→ WORK INSTRUCTIONS:
Repeat only the lines below from the one containing "Temple University Officially" through the one containing "Diploma del Curso de ECMAScript 6+", inclusive, exactly as written.

→ PROVIDED DATA:

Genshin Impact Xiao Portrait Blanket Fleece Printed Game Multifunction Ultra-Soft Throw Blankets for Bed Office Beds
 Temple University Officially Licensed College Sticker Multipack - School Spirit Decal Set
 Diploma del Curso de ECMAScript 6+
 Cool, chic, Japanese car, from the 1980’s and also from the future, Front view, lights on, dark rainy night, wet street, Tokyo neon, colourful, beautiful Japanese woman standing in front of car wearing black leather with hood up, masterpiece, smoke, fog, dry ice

→ SOLUTION TO THIS TASK:
 Temple University Officially Licensed College Sticker Multipack - School Spirit Decal Set
 Diploma del Curso de ECMAScript 6+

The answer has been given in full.